● **TASK MATERIAL**
★ ★ ★
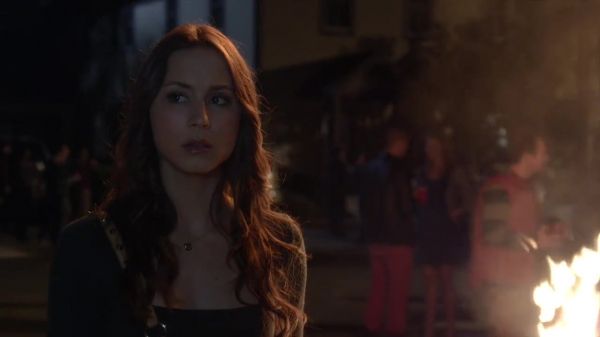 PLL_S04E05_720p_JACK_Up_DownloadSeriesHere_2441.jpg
★ ★ ★
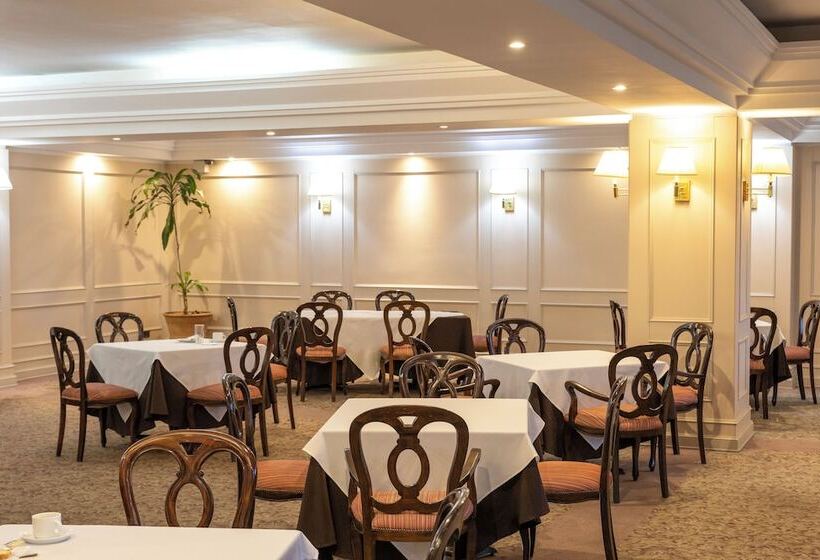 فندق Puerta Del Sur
★ ★ ★
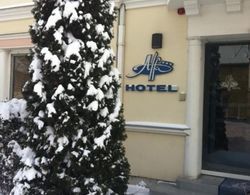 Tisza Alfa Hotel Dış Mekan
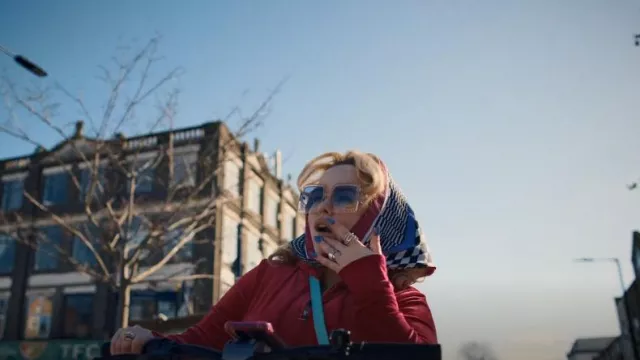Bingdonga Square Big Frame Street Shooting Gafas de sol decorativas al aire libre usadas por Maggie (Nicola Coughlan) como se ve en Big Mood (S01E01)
★ ★ ★
● **WHAT YOU ARE ASKED TO DO**
Everything above from the line with "Tisza Alfa Hotel Dış Mekan" through the line with "Bingdonga Square Big" should be retyped exactly, and nothing else; omit pictures.

● **PROBLEM SOLUTION**
 Tisza Alfa Hotel Dış Mekan
Bingdonga Square Big Frame Street Shooting Gafas de sol decorativas al aire libre usadas por Maggie (Nicola Coughlan) como se ve en Big Mood (S01E01)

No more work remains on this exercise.